### Your assignment
Each entry is to be given again word for word; images are dropped.

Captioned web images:

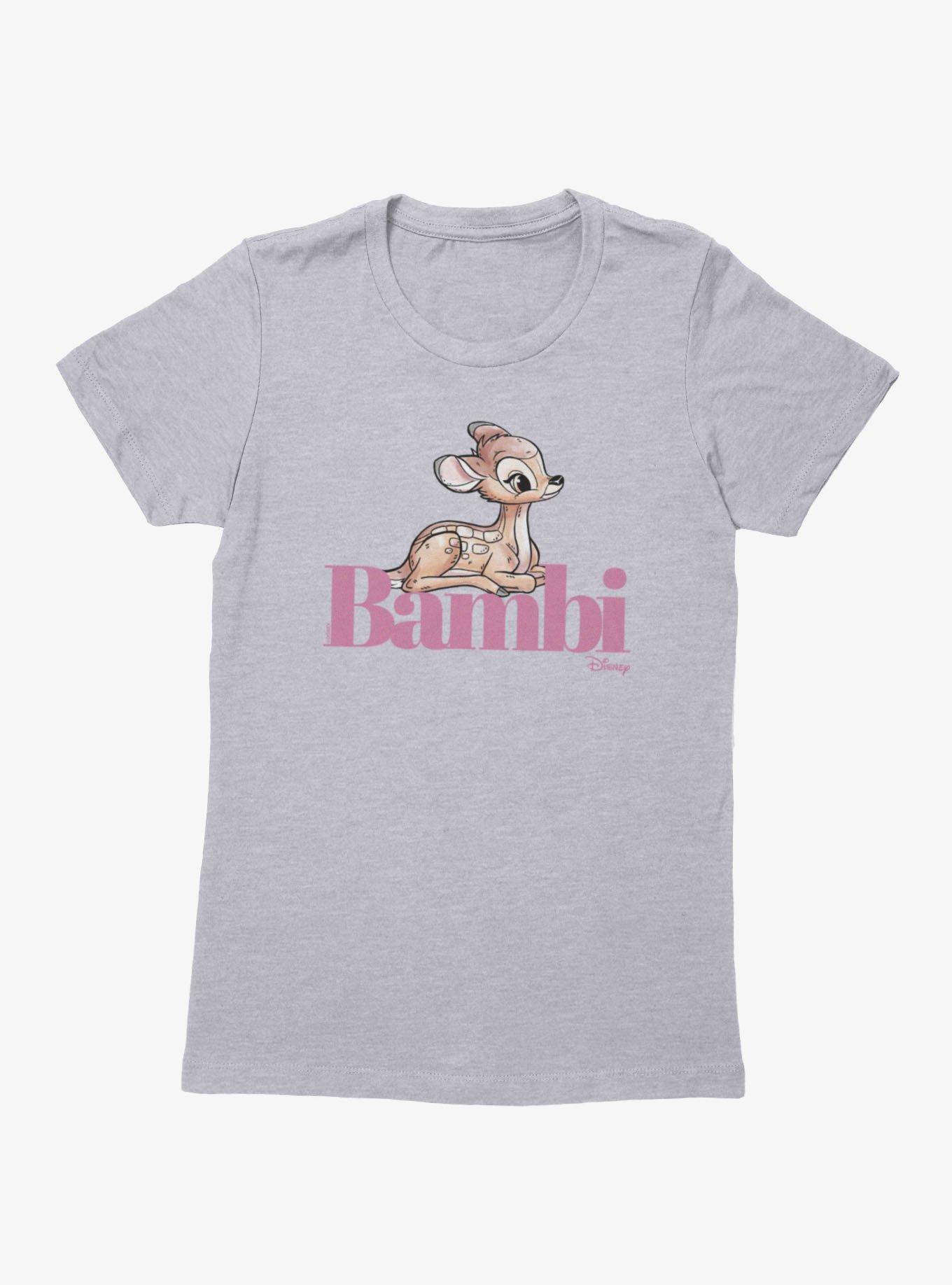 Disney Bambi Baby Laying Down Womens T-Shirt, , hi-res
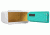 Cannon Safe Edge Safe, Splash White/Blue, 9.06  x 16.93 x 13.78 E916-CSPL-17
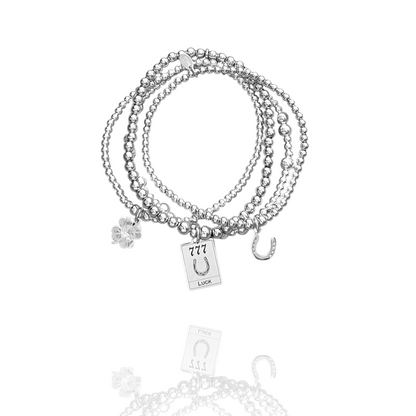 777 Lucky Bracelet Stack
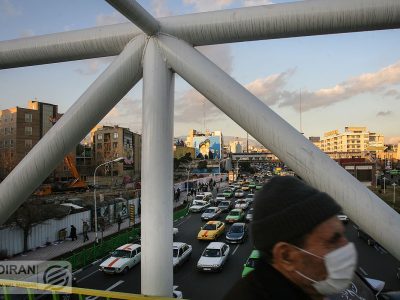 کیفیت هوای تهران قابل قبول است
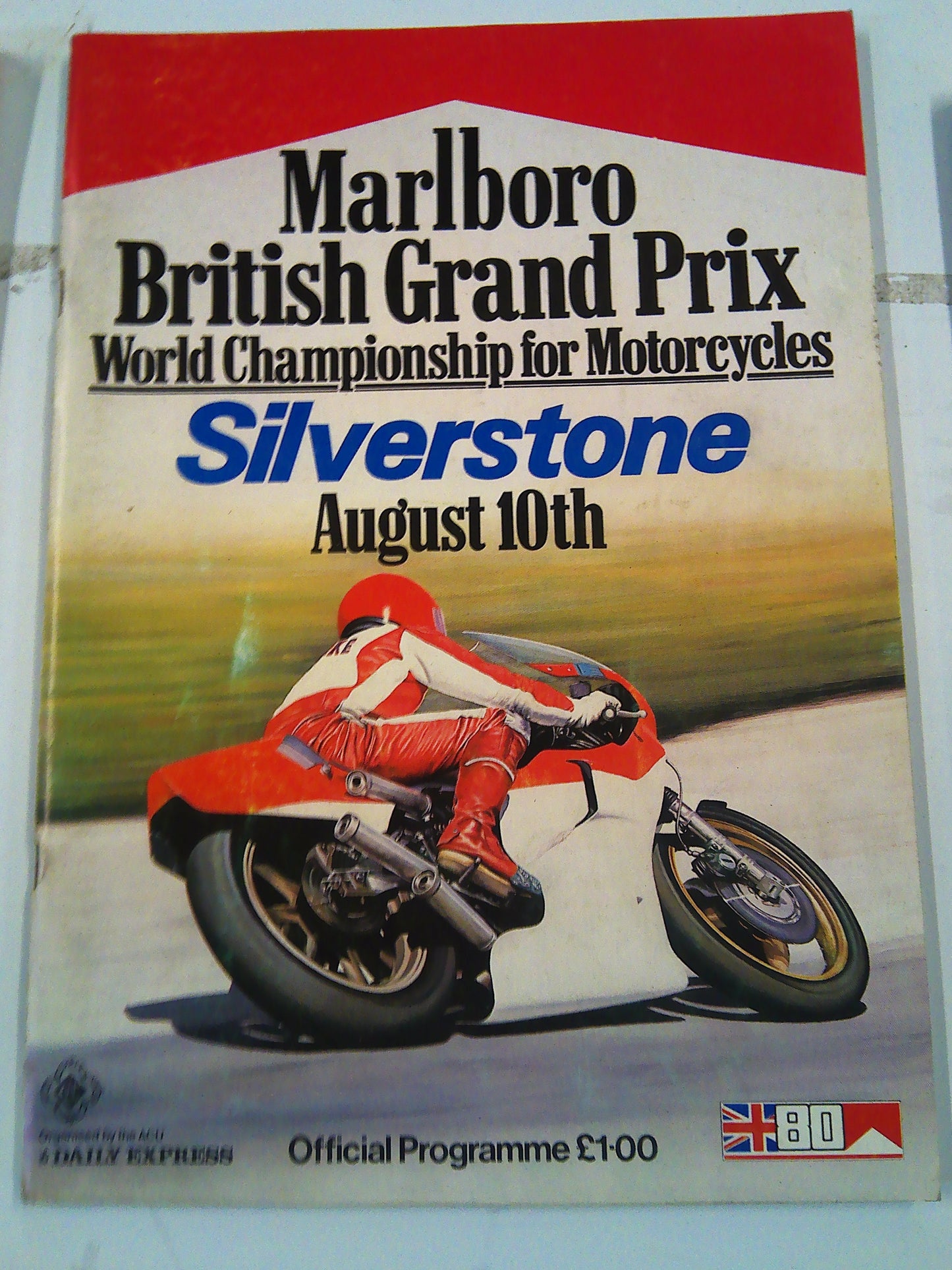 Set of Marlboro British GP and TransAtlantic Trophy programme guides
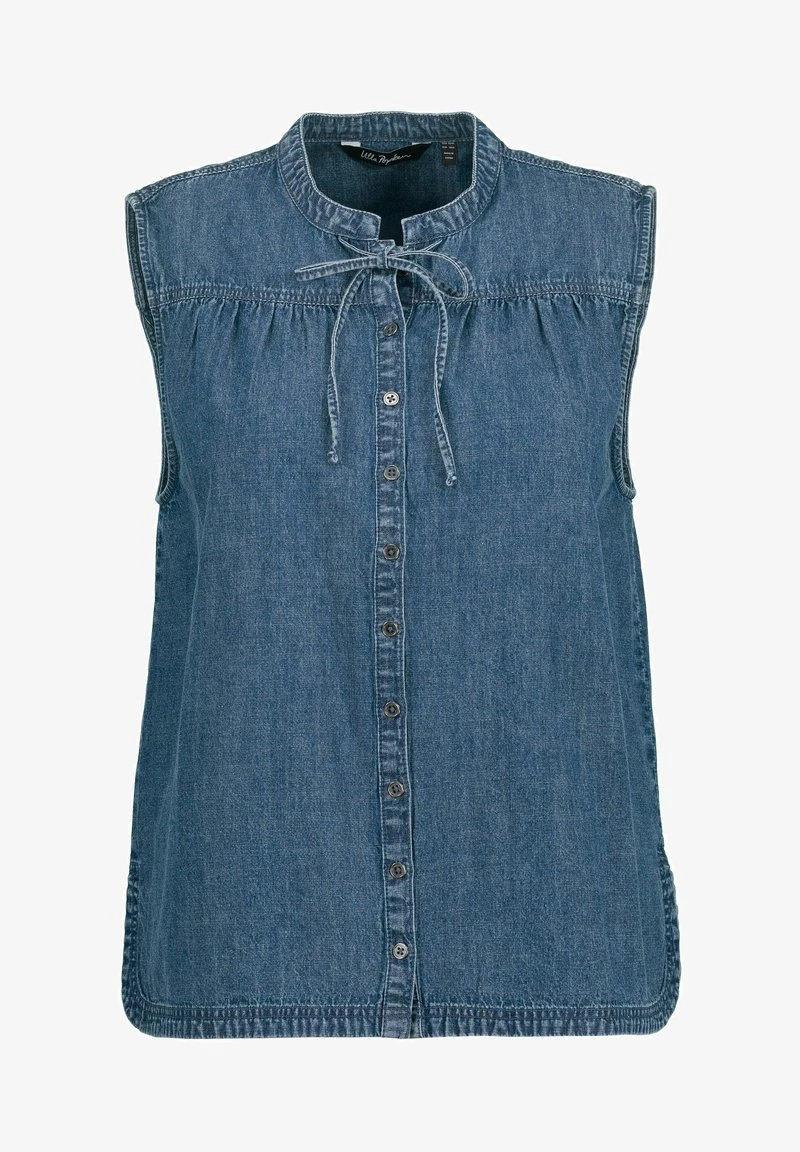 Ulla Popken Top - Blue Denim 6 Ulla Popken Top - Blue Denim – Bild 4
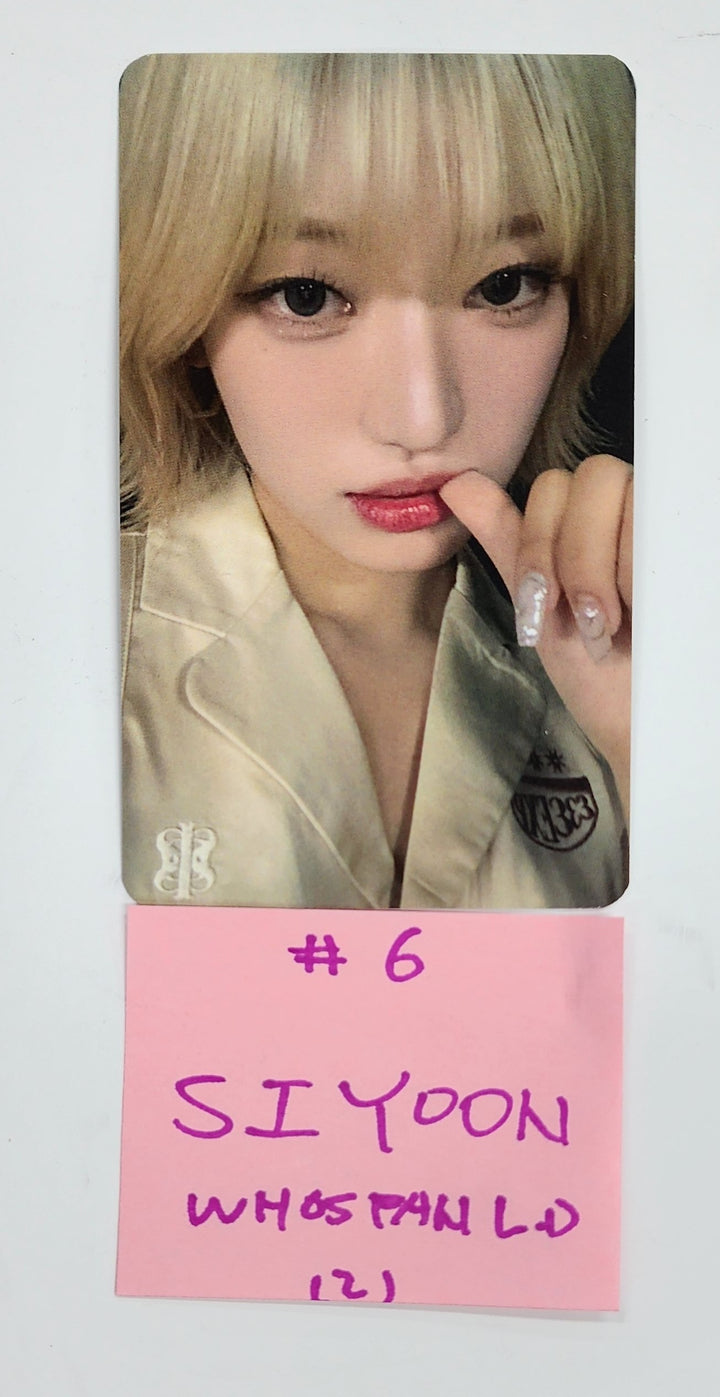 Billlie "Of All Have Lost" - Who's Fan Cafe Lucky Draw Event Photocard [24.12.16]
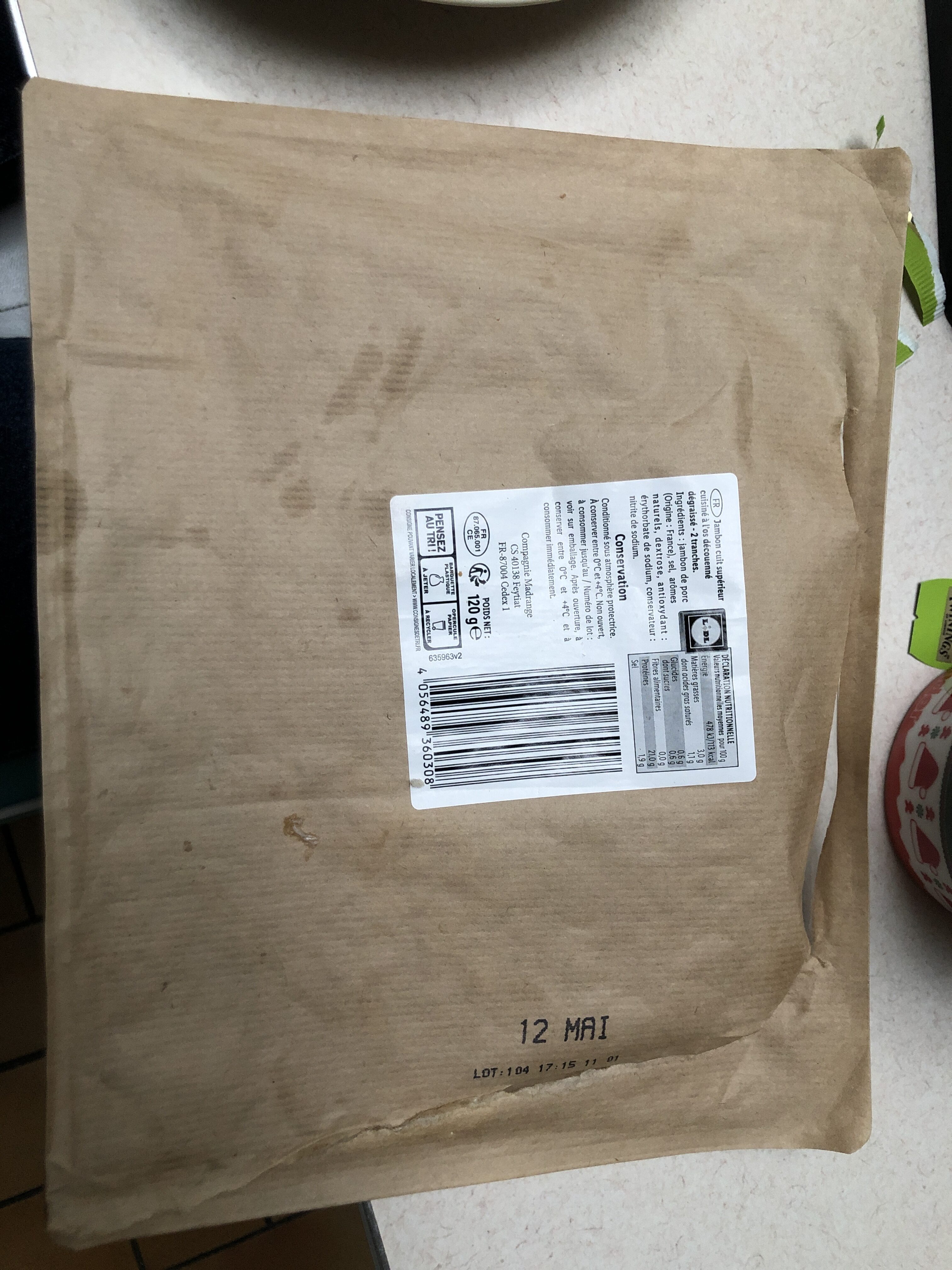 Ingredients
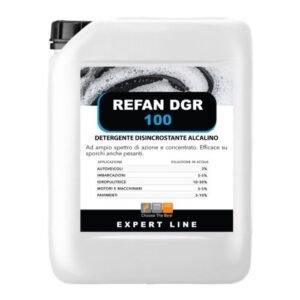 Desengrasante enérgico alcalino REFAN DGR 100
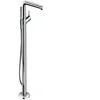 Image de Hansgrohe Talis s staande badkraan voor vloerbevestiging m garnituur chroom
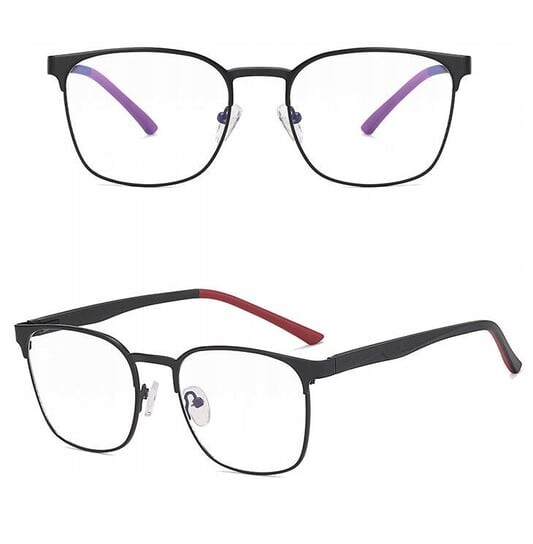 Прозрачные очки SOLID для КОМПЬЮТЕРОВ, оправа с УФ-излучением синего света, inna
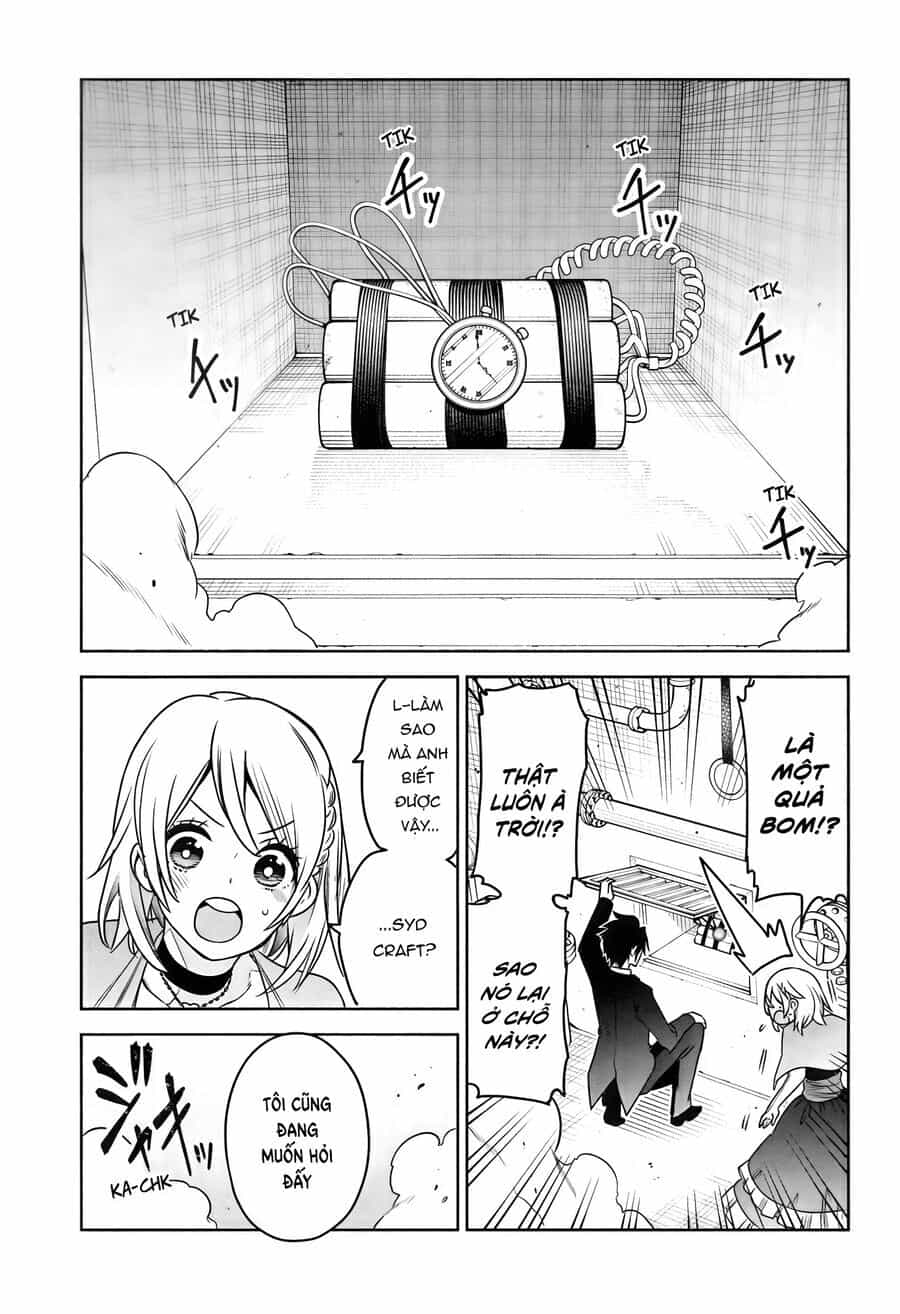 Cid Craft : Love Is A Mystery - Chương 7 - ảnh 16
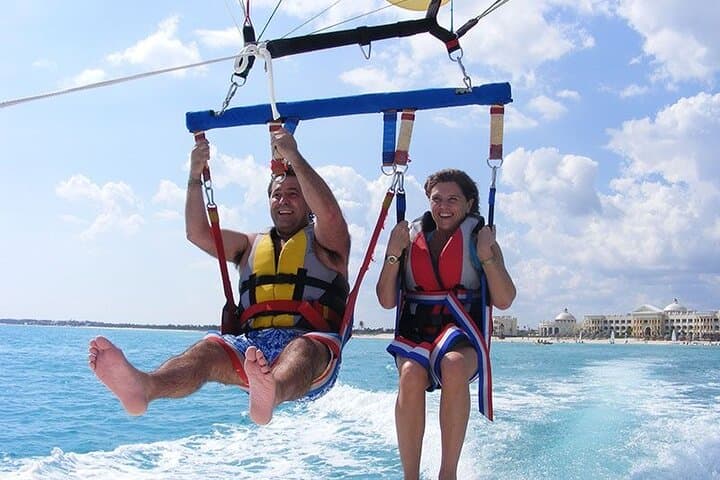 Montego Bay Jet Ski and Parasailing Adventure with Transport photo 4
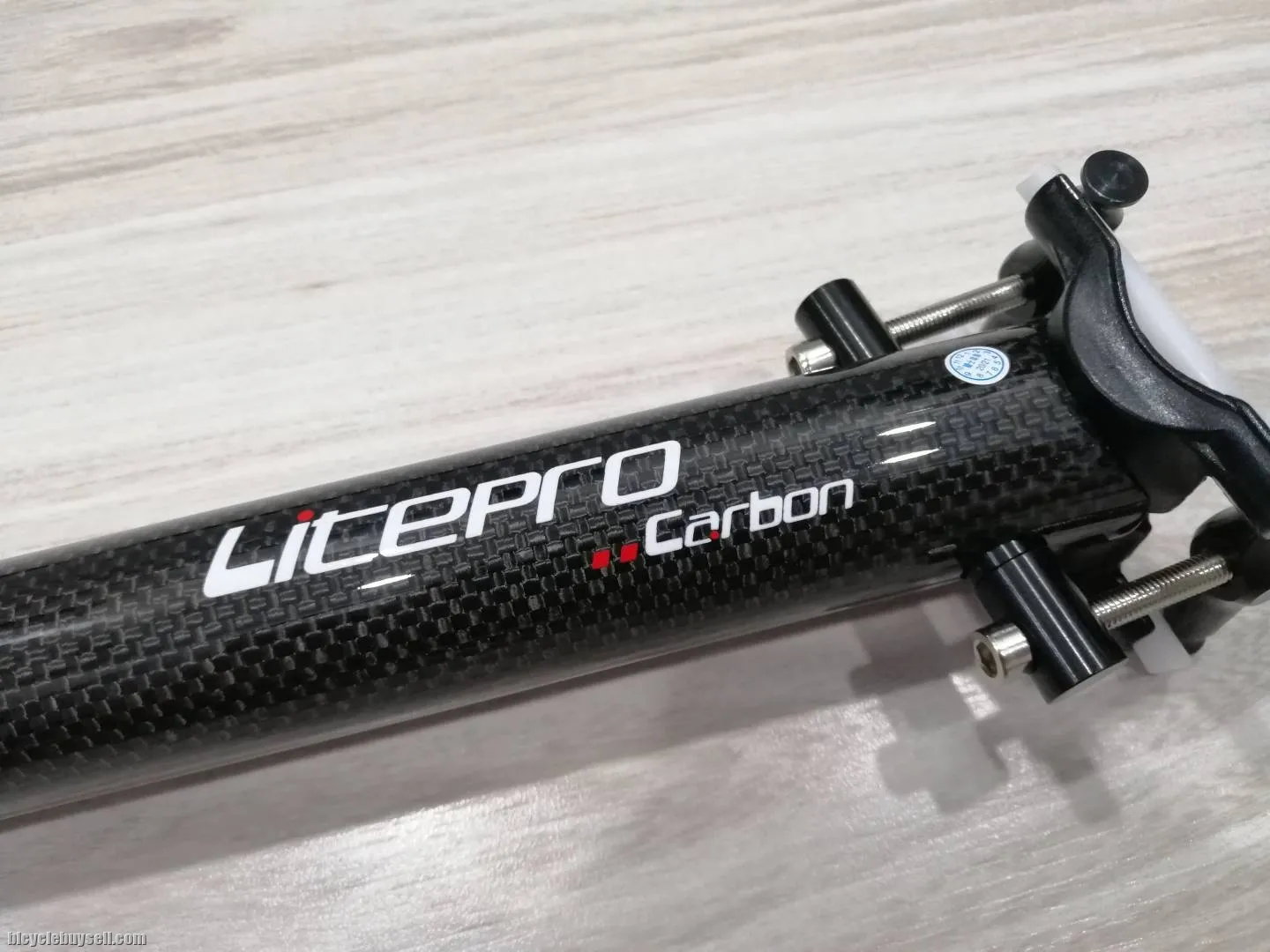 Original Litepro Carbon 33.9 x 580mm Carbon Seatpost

### Answer box
 Disney Bambi Baby Laying Down Womens T-Shirt, , hi-res
 Cannon Safe Edge Safe, Splash White/Blue, 9.06  x 16.93 x 13.78 E916-CSPL-17
 777 Lucky Bracelet Stack
 کیفیت هوای تهران قابل قبول است
 Set of Marlboro British GP and TransAtlantic Trophy programme guides
 Ulla Popken Top - Blue Denim 6 Ulla Popken Top - Blue Denim – Bild 4
 Billlie "Of All Have Lost" - Who's Fan Cafe Lucky Draw Event Photocard [24.12.16]
 Ingredients
 Desengrasante enérgico alcalino REFAN DGR 100
 Image de Hansgrohe Talis s staande badkraan voor vloerbevestiging m garnituur chroom
 Прозрачные очки SOLID для КОМПЬЮТЕРОВ, оправа с УФ-излучением синего света, inna
 Cid Craft : Love Is A Mystery - Chương 7 - ảnh 16
 Montego Bay Jet Ski and Parasailing Adventure with Transport photo 4
 Original Litepro Carbon 33.9 x 580mm Carbon Seatpost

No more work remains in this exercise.